We report the case of a patient with Stage 4 ACC whose clinical course defied the predicted prognosis. Features of the case that favoured a poor prognosis are due to the presence of distant metastases, autonomous cortisol secretion, and histologic features of focal necrosis, venous and capsular invasion by tumour cells.2 However, the mitotic rate of 11-12 per 50 HPF would classify the tumour as low grade.

Our patient presented with stage 4 ACC with unresectable extra-abdominal metastases; therefore, the aim of therapy was complete resection of the adrenal mass followed by long-term control of the metastatic lesions. This was achieved with some success as there was no recurrence at the site of surgery, presumably due to an R0 resection, although this was not explicitly reported in the histopathology report. Completeness of resection is a known independent prognostic factor for ACC.3

Postoperatively, mitotane monotherapy was initially started to address residual disease taking patient preference for avoidance of chemotherapy into account. Based on clinical experience and low-quality evidence, adjuvant mitotane is recommended to treat advanced ACC which has a high risk of recurrence.1 Treatment with mitotane is ideally titrated to achieve therapeutic mitotane levels of 14-20 µg/ml.1 Our approach was to increase the dose of mitotane over two weeks to the highest tolerated dose; however, the lack of availability of the drug hindered the patient from adhering to the advised dose.

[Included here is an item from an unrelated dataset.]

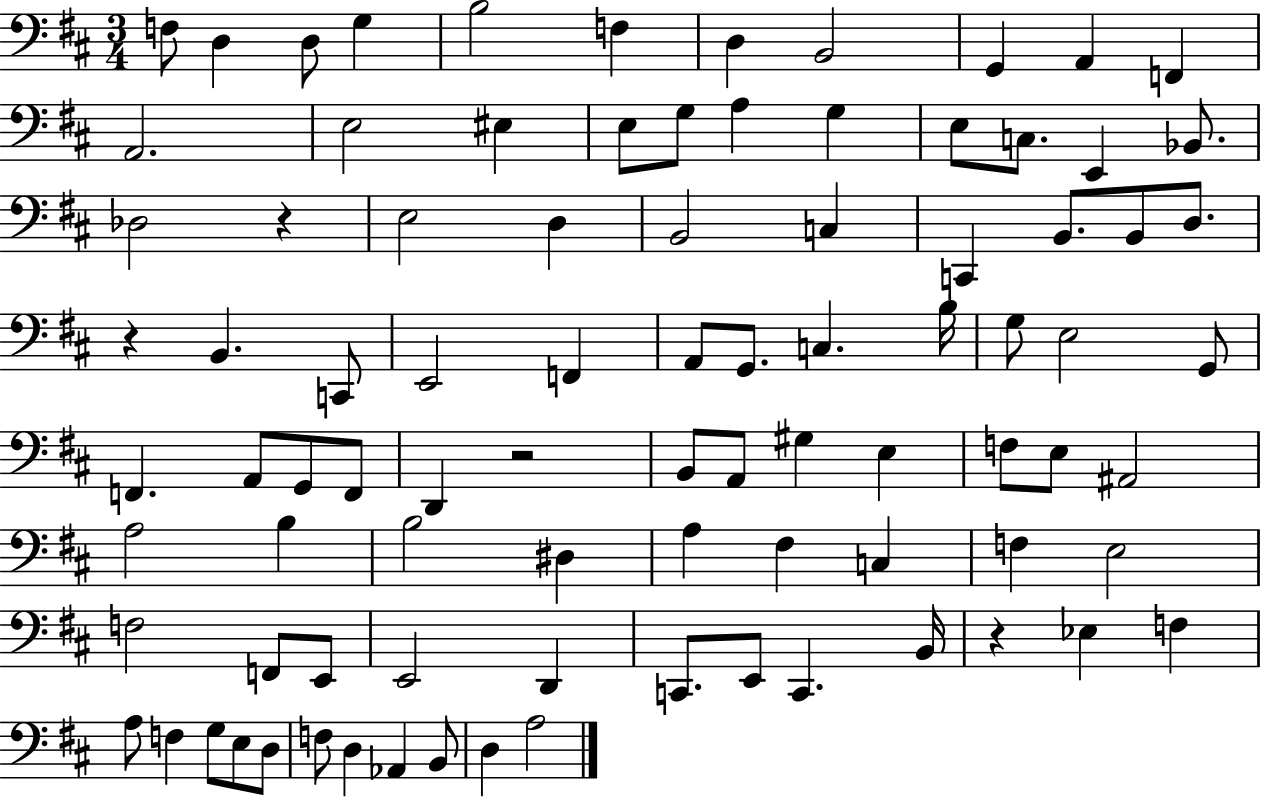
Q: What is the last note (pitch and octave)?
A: A3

As mitotane levels were not measured, it is uncertain if the patient achieved recommended therapeutic blood levels. Therapeutic blood levels of mitotane have been documented with doses as low as 1-2 g/day8 thus, it is possible that the administration of adjuvant mitotane played a significant role in slowing down the progression of the disease.

Our patient was off all medications for almost four years, the greater part of the documented survival. During this period, he developed only a slight increase in the number and size of pulmonary metastases with hepatic lesions remaining stable. Thus, the stage 4 ACC tumour afflicting our patient progressed quite indolently even without treatment. This is likely due, in large part, to the mitotic index <20 per 50 HPF. This claim is substantiated by the fact that a mitotic rate <20 per 50 HPF was the only known prognostic factor in relative agreement to the observed prognosis of unexpectedly prolonged survival despite suboptimal adherence to therapy and inconsistent follow-up. However, there are factors that affect prognosis that remain unknown in our patient, such as genetic mutations and molecular signatures.

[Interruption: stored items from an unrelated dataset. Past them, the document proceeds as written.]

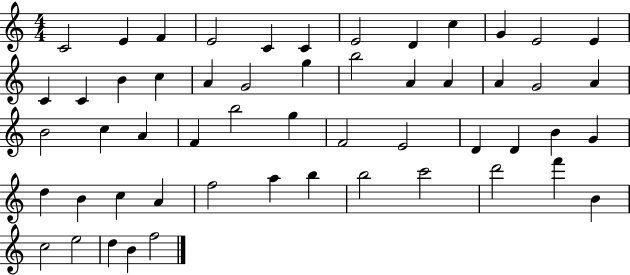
{
  \clef treble
  \numericTimeSignature
  \time 4/4
  \key c \major
  c'2 e'4 f'4 | e'2 c'4 c'4 | e'2 d'4 c''4 | g'4 e'2 e'4 | \break c'4 c'4 b'4 c''4 | a'4 g'2 g''4 | b''2 a'4 a'4 | a'4 g'2 a'4 | \break b'2 c''4 a'4 | f'4 b''2 g''4 | f'2 e'2 | d'4 d'4 b'4 g'4 | \break d''4 b'4 c''4 a'4 | f''2 a''4 b''4 | b''2 c'''2 | d'''2 f'''4 b'4 | \break c''2 e''2 | d''4 b'4 f''2 | \bar "|."
}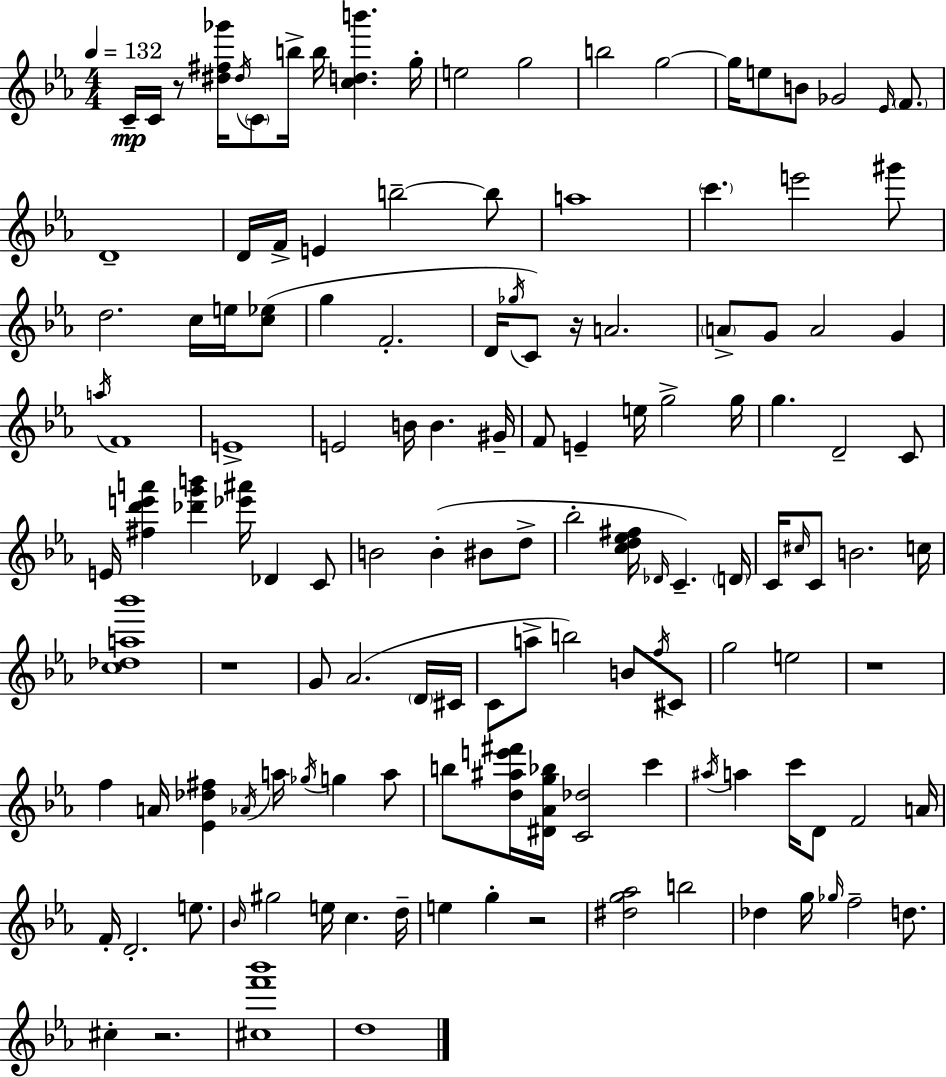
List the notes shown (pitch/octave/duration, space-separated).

C4/s C4/s R/e [D#5,F#5,Gb6]/s D#5/s C4/e B5/s B5/s [C5,D5,B6]/q. G5/s E5/h G5/h B5/h G5/h G5/s E5/e B4/e Gb4/h Eb4/s F4/e. D4/w D4/s F4/s E4/q B5/h B5/e A5/w C6/q. E6/h G#6/e D5/h. C5/s E5/s [C5,Eb5]/e G5/q F4/h. D4/s Gb5/s C4/e R/s A4/h. A4/e G4/e A4/h G4/q A5/s F4/w E4/w E4/h B4/s B4/q. G#4/s F4/e E4/q E5/s G5/h G5/s G5/q. D4/h C4/e E4/s [F#5,D6,E6,A6]/q [Db6,G6,B6]/q [Eb6,A#6]/s Db4/q C4/e B4/h B4/q BIS4/e D5/e Bb5/h [C5,D5,Eb5,F#5]/s Db4/s C4/q. D4/s C4/s C#5/s C4/e B4/h. C5/s [C5,Db5,A5,Bb6]/w R/w G4/e Ab4/h. D4/s C#4/s C4/e A5/e B5/h B4/e F5/s C#4/e G5/h E5/h R/w F5/q A4/s [Eb4,Db5,F#5]/q Ab4/s A5/s Gb5/s G5/q A5/e B5/e [D5,A#5,E6,F#6]/s [D#4,Ab4,G5,Bb5]/s [C4,Db5]/h C6/q A#5/s A5/q C6/s D4/e F4/h A4/s F4/s D4/h. E5/e. Bb4/s G#5/h E5/s C5/q. D5/s E5/q G5/q R/h [D#5,G5,Ab5]/h B5/h Db5/q G5/s Gb5/s F5/h D5/e. C#5/q R/h. [C#5,F6,Bb6]/w D5/w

A few case reports have reported of stage 4 ACC with prolonged survival.9-15Most of these reports do not mention tumour grade; however, in those that do mention, most patients had low-grade disease on histology. An analysis of 124 patients examining predictors of outcome in ACC found mitotic index, presence of distant metastases at presentation and adjacent organ invasion, to be independent predictors of survival. Among these, only the mitotic index predicted survival across all tumour stages.2 A retrospective review of 91 patients with ACC compared low-grade to high-grade tumours within each of the 4 stages of ACC. A statistically significant difference in time to recurrence and survival was seen within stage 2 tumours when comparing low-grade to high-grade tumours. Patients having low-grade tumours survived longer and had recurrence later. The authors of that study proposed a modification to the ENSAT staging system that incorporated tumour grade.16




This case report indicates that low tumour grade most likely contributed to prolonged survival of our patient and may be a predictor of prolonged prognosis in stage 4 ACC. As such, it adds to the case for including histological grade in prognostication and therapeutic decision-making of adrenocortical carcinoma.


Disclaimer: Patient's consent was taken for publication of this case report. The abstract of this case report was presented as an e-poster in the 28th Annual Scientific and Clinical Congress American Association of Clinical Endocrinologists (AACE) on 27/04/2019 (poster number 33).


Conflict of Interest: None to declare.


Funding Disclosure: None to declare.